You hear this all the time. The idea is that Jesus got gradually promoted over the years from a "low christology" to a stratospherically "high christology." If we were to pare away, in Jesus Seminar fashion, all those dubious accretions we'd simply find a human prophet figure, or perhaps a cynic sage, who made no outrageous personal claims.
But wouldn't you know it, there's always someone ready to stir the pot, and Margaret Barker is more than happy to take up the ladle. Barker is a former president of the Society for Old Testament Study, has taught theology at Cambridge, and written sixteen books (at last count). In other words, this is no dilettante or kook.
Barker isn't taken in by the accepted narrative of Moses and monotheism; Early Israelite religion was anything but. Yahweh shared the first temple with his lady wife, Asherah, the Great Lady, until the heretics came along and doctored the national epic, declaring Yahweh to be a solitary deity. The Deuteronomists, in other words, cooked the books.
So what? Well, the old religion didn't die. Cast out of the temple, it continued on the "old paths", a reality expressed by the exiles in Jeremiah 44:15-19.

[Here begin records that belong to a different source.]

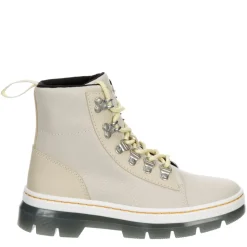 Dr.Martens Womens Combs Nylon Combat Boot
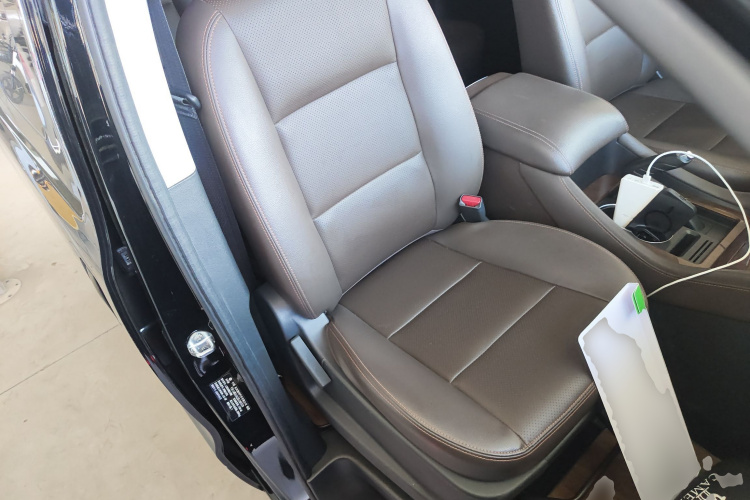 东风风行 风行M7 2021款 1.8T 手动豪华型局部细节41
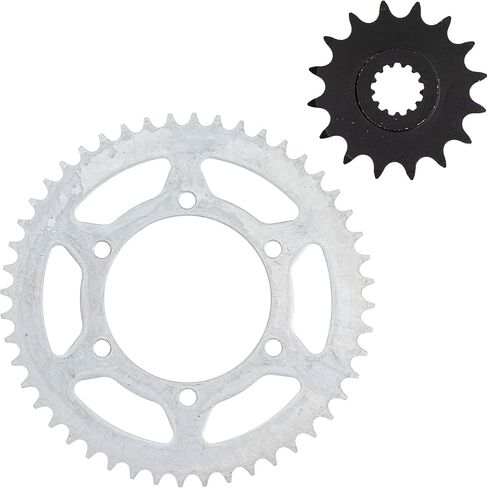 Niche 520 Pitch Front 16T و 48T Drive Sprocket in Saudi Arabia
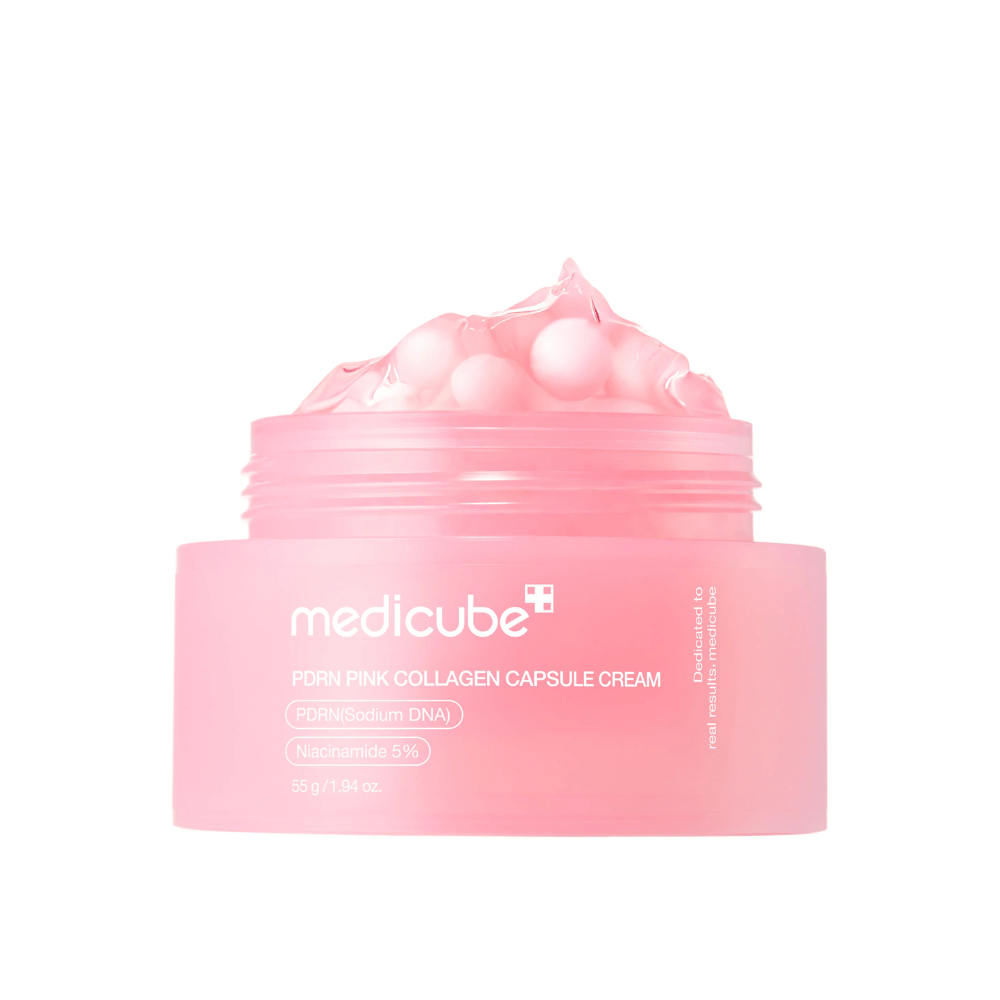 PDRN Pink Collagen Cream – Medicube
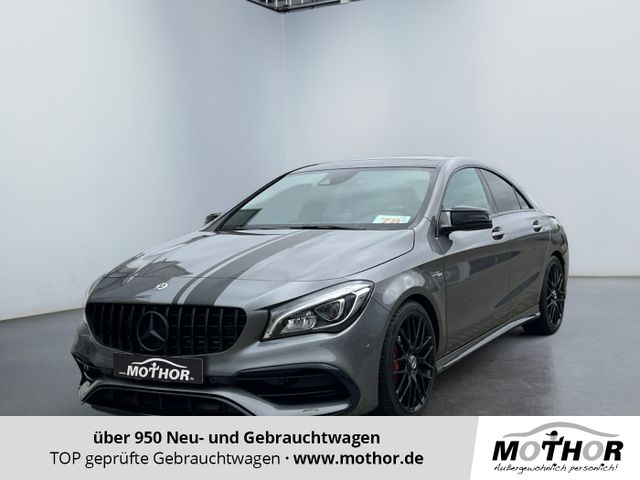 Mercedes-Benz CLA 45 AMG 4Matic ParkAss. Pano Leder LM KAM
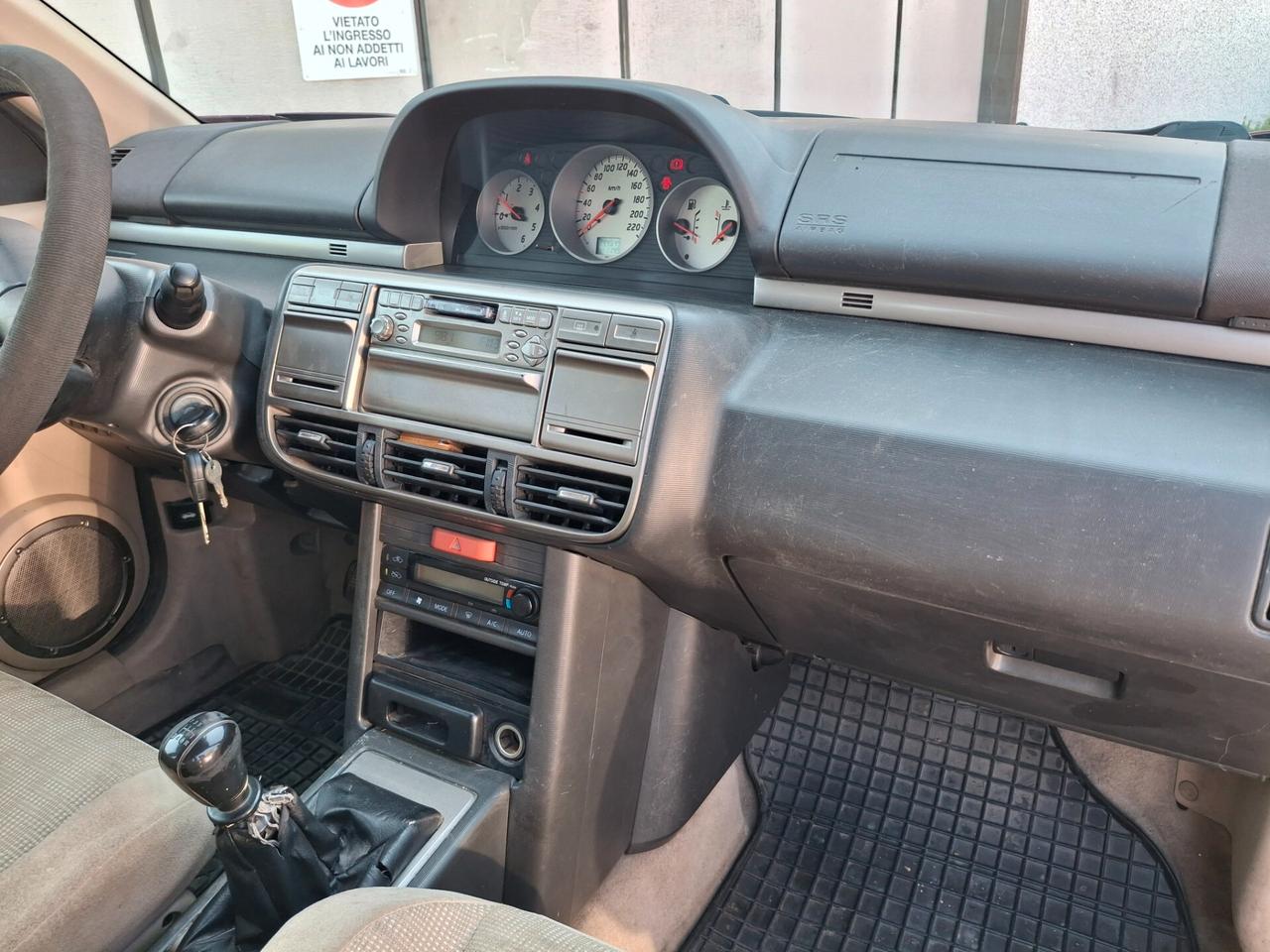 Nissan X-Trail 2.2 TD 4x4 DIESEL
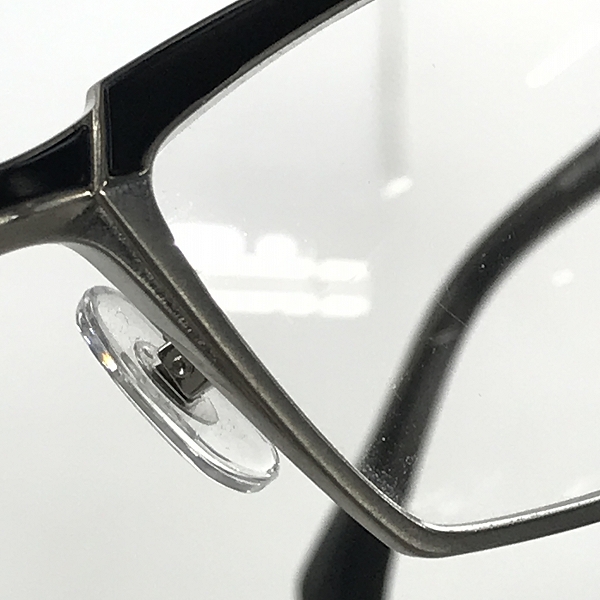 実際に弊社で買取させて頂いたSAMURAI SHO/サムライ翔 メガネ/メガネフレーム/アイウェア SS-J212 #2の画像 7枚目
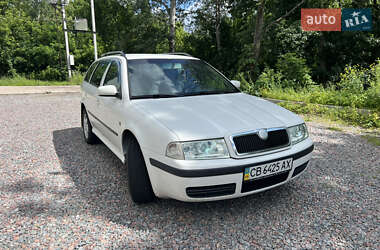 Универсал Skoda Octavia 2008 в 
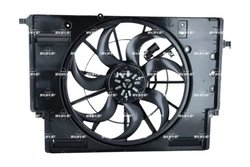 VENTILATOR RADIATOR RACIRE NRF 470045 - Compatibil cu VOLVO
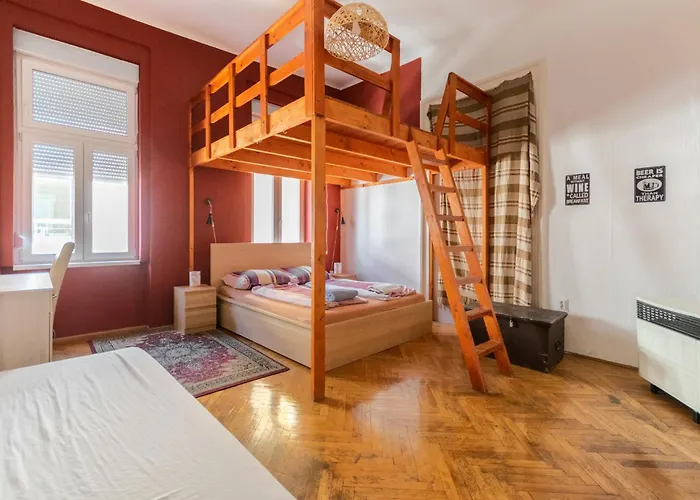 公寓 Downtown Funk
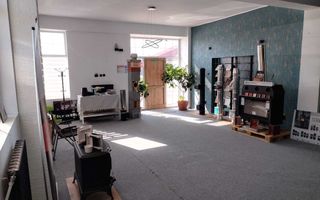Spațiu comercial de închiriat, 90 mp, DN28, zona Rond Moldova Mall - Poză 2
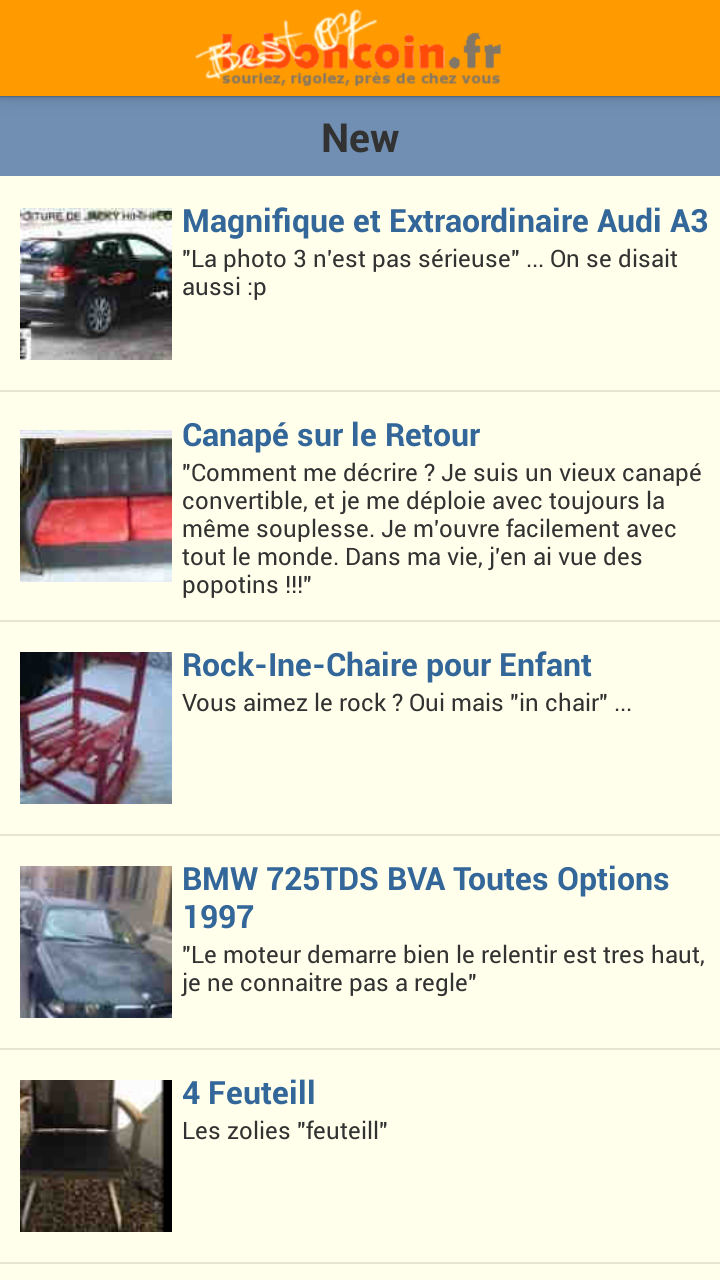 Best Of LeBonCoin (Non OF)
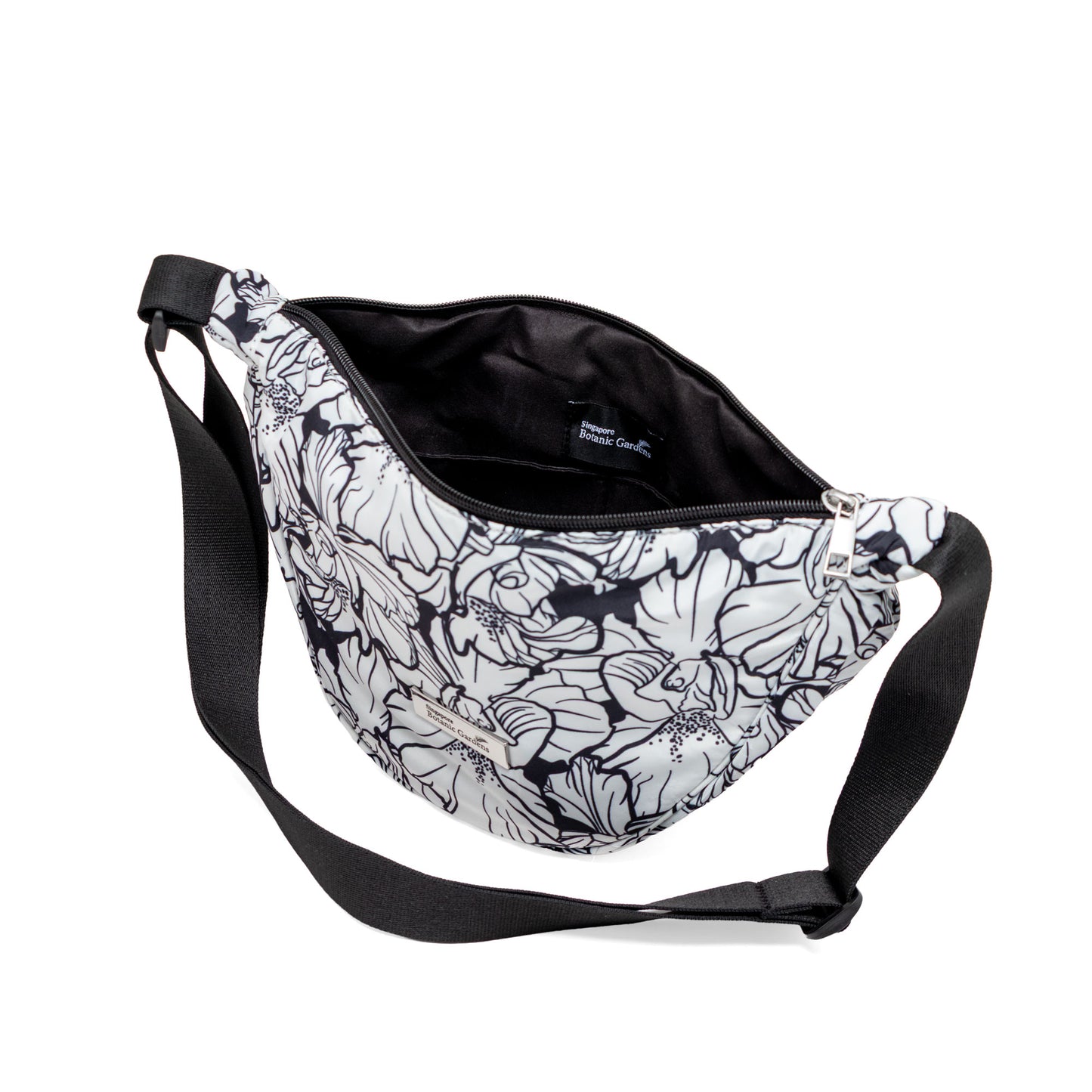 Vanda Miss Joaquim Crossbody Bag – White (Small)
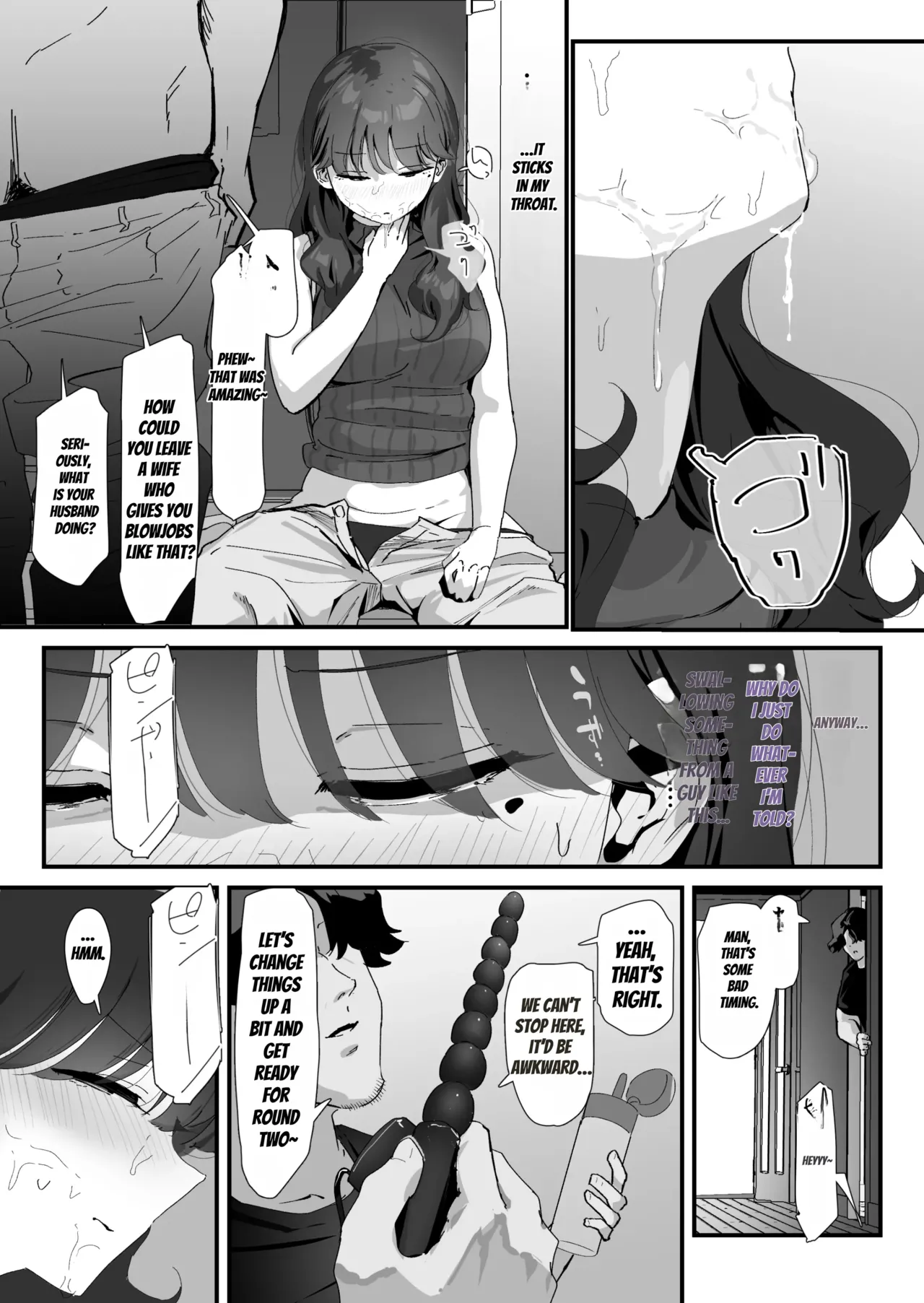 Oshiri no Ana de Dake dakara... page 47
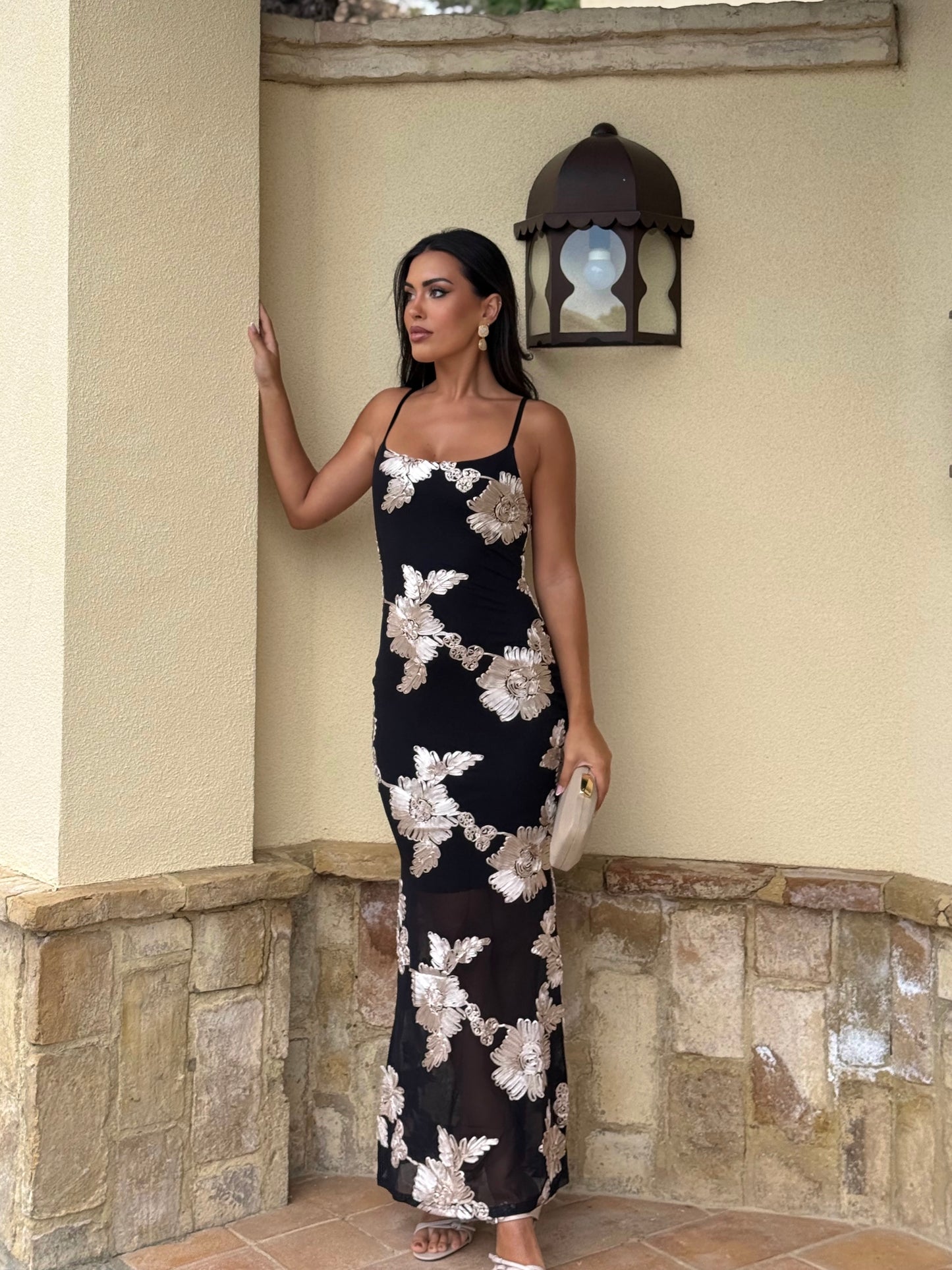 Vestido Ónix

[W]e will do everything that we have vowed, make offerings to the queen of heaven and pour out our libations to her, just as we and our ancestors, our kings and our officials, used to do in the towns of Judah and in the streets of Jerusalem... Indeed we will go on making offerings to the queen of heaven and pouring out libations to her.Again, so what? Well, Judaism ultimately went the way of the Deuteronomic reformers, complete with fictive epics centred around Moses, but (according to the reconstruction) Christianity drew an inheritance from the older Abrahamic faith. Here's where you can start to connect the dots with "Enochic Judaism" (Boccaccini) and Alan Segal's "Two Powers" binitarian monotheism.
So is Barker right? Quite possibly. If nothing else it makes a fascinating detective story that reaches back through the millennia to connect the first Jerusalem temple to Mrs O'Malley's rosary beads. Fascinating stuff!
Barker has set out the terms for this discussion a number of times, most recently in The Mother of the Lord, the first volume in a series entitled "The Lady of the Temple." The hardback edition is, like most books of this kind, horrendously expensive. Luckily the Kindle edition is more realistically priced.